Ravi Prasad at Uma, where he employs asylum seekers and refugees as chefs. Photo by: Karlis Salna
“The stress on the hospitality sector has been immense,” he told me, pointing out several other restaurants near Uma that in recent months have gone bust. At best, the catering business is now only 40 percent of what it was pre-COVID, he said. “It will survive, but to what extent remains unclear.”
Adding to the stress for many of Prasad’s workers is that they are from countries where COVID-19 is running rampant. “They still make the best of every day, but they do so, many of them, in the knowledge theirs is a house built on moving sand. There’s no strong foundation they can put down,” Prasad said. “The fragility of their situation has been heightened by the pandemic.”

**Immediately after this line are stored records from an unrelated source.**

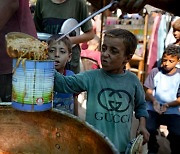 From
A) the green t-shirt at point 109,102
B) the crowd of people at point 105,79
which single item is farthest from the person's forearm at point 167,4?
the green t-shirt at point 109,102

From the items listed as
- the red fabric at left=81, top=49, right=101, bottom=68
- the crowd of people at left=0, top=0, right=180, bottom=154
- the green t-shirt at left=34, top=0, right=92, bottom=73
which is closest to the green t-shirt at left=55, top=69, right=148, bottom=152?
the crowd of people at left=0, top=0, right=180, bottom=154

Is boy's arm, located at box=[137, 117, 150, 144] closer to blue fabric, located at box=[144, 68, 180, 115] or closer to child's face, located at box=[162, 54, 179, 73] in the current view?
blue fabric, located at box=[144, 68, 180, 115]

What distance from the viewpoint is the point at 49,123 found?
1.52 metres

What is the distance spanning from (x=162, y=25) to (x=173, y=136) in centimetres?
226

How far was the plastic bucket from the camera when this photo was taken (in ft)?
4.33

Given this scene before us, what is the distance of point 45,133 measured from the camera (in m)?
1.55

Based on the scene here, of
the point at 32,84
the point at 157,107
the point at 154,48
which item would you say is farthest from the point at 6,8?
the point at 154,48

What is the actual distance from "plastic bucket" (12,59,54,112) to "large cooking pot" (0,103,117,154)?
0.47ft

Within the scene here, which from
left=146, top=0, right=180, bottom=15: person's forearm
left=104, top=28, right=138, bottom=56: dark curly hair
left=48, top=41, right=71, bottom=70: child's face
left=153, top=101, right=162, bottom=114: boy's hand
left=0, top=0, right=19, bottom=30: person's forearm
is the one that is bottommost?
left=153, top=101, right=162, bottom=114: boy's hand

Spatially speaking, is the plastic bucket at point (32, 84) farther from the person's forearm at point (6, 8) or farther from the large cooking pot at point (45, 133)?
the person's forearm at point (6, 8)

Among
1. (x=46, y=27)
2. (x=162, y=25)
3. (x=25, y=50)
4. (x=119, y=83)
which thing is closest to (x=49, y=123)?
(x=25, y=50)

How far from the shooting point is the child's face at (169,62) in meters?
3.49

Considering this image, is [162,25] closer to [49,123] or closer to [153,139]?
[153,139]

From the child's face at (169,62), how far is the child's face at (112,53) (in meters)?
1.50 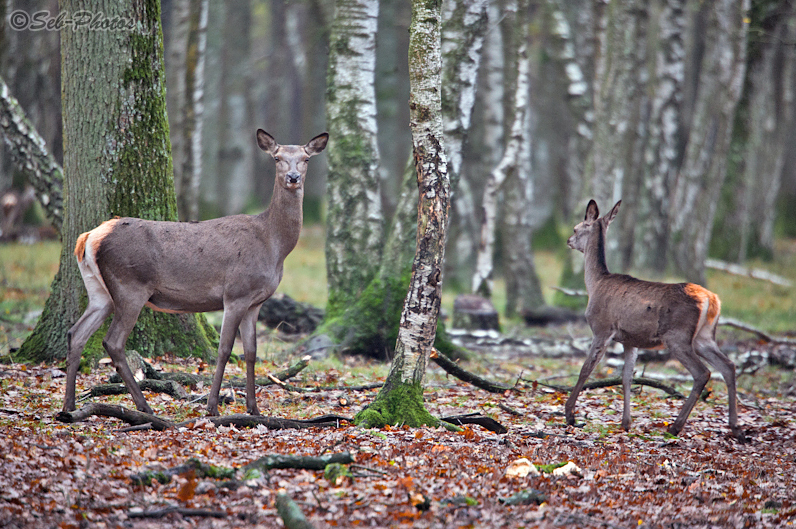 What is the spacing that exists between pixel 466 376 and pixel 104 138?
13.7 feet

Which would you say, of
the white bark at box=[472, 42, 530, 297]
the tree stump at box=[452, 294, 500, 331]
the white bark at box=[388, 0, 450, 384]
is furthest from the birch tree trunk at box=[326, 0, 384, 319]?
the white bark at box=[388, 0, 450, 384]

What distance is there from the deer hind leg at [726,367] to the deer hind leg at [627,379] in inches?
23.9

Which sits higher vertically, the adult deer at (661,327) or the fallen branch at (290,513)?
the adult deer at (661,327)

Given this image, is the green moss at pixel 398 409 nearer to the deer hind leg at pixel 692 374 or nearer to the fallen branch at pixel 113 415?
the fallen branch at pixel 113 415

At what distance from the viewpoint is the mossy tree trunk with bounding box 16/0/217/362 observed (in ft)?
24.9

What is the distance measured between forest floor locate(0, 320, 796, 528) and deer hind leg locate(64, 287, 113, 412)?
26 cm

One example is Shaziah Crowie, originally from South Africa. “I lost a lot of family members because in South Africa the hospitals can’t keep up with [the pandemic],” she said. “I feel fortunate being here in Australia. We’ve managed to get out of the lockdown a lot earlier than most of the rest of the world but I still feel heartbroken, especially for the people in India right now… and I don’t know when I’ll get to see [my family] again.”
After Shaziah Crowie lost her job in retail because of the pandemic, she found work at Uma. Photo by: Karlis Salna
More than a year into the pandemic, as vaccines are being rolled out and many economies are reopening, the disparate, ruthless nature of this deadly disease has never been more apparent.
“It will be a little while before the world gets back to some kind of normal. Maybe we’ll never live the same way as we did before,” said Chue, in Papua New Guinea. “But business needs to flow and the borders need to re-open. And the only way for that to happen is for us all to get vaccinated because COVID is not going to go away.”
Karlis Salna is IFC Communications Officer for Indonesia, Malaysia, Timor-Leste, and Pacific Islands.